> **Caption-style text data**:
════════════════
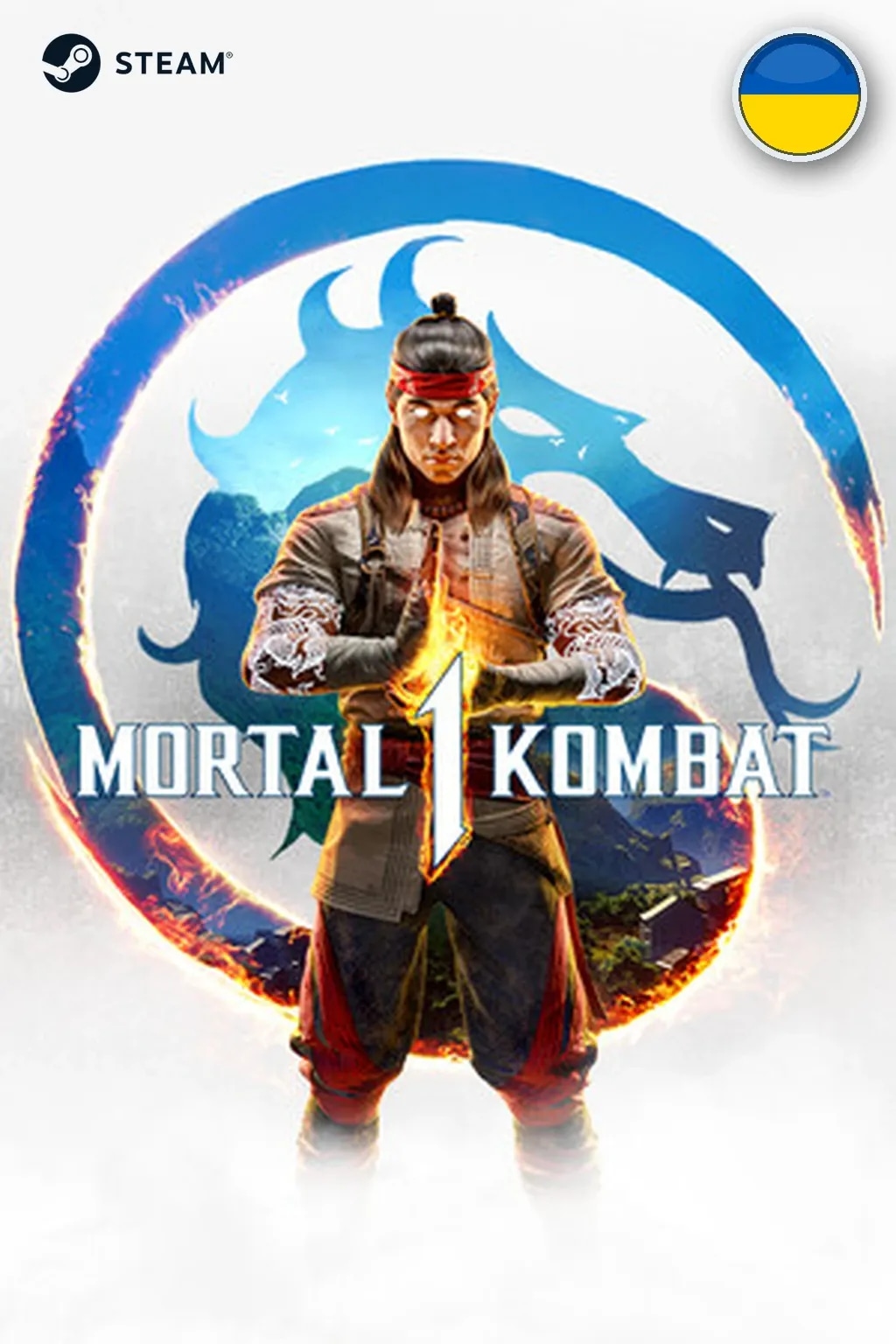 Mortal Kombat 1 Definitive Edition — Украина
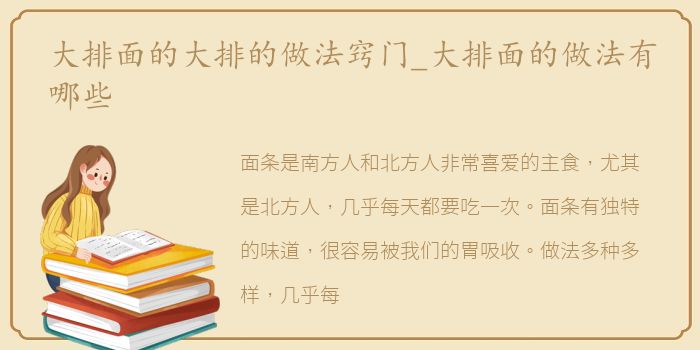 大排面的大排的做法窍门_大排面的做法有哪些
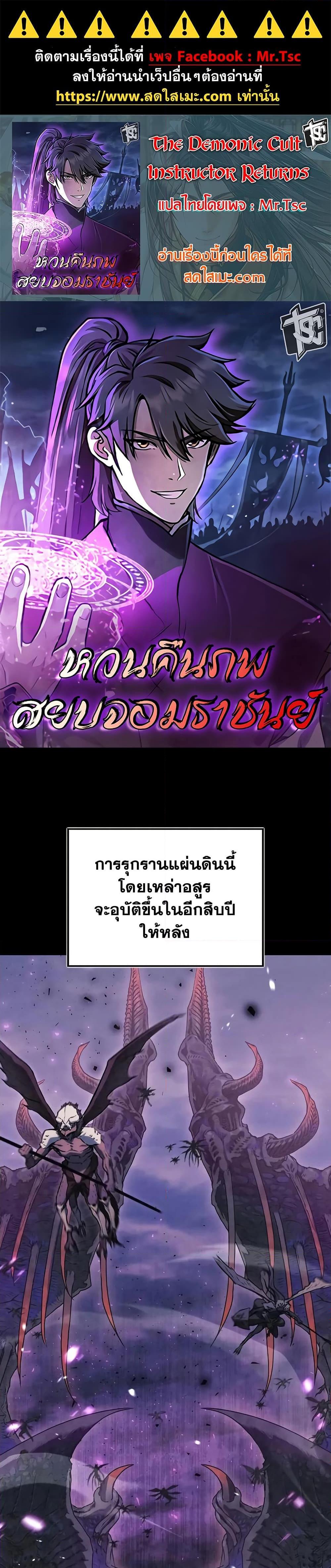 The Demonic Cult Instructor Returns Chap 23 - Next Chap 24
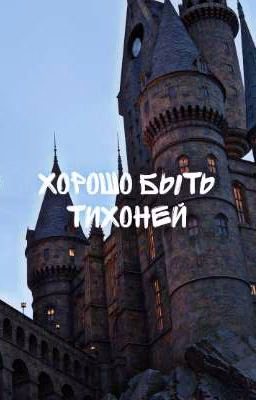 Хорошо быть тихоней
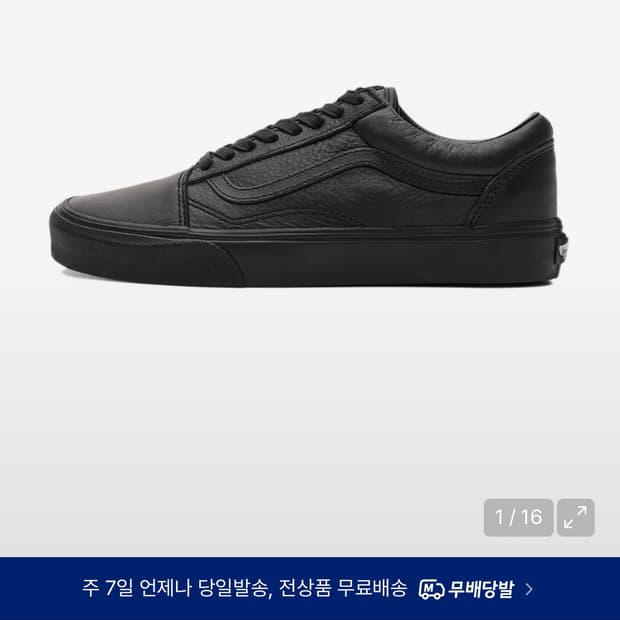 반스 올드스쿨 레더 스니커즈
════════════════
> **Assignment**: The lines to copy run from the line containing "The Demonic Cult" through the end of the data above; copy exactly those, minus the pictures.

> **Solution to the exercise**:
 The Demonic Cult Instructor Returns Chap 23 - Next Chap 24
 Хорошо быть тихоней
 반스 올드스쿨 레더 스니커즈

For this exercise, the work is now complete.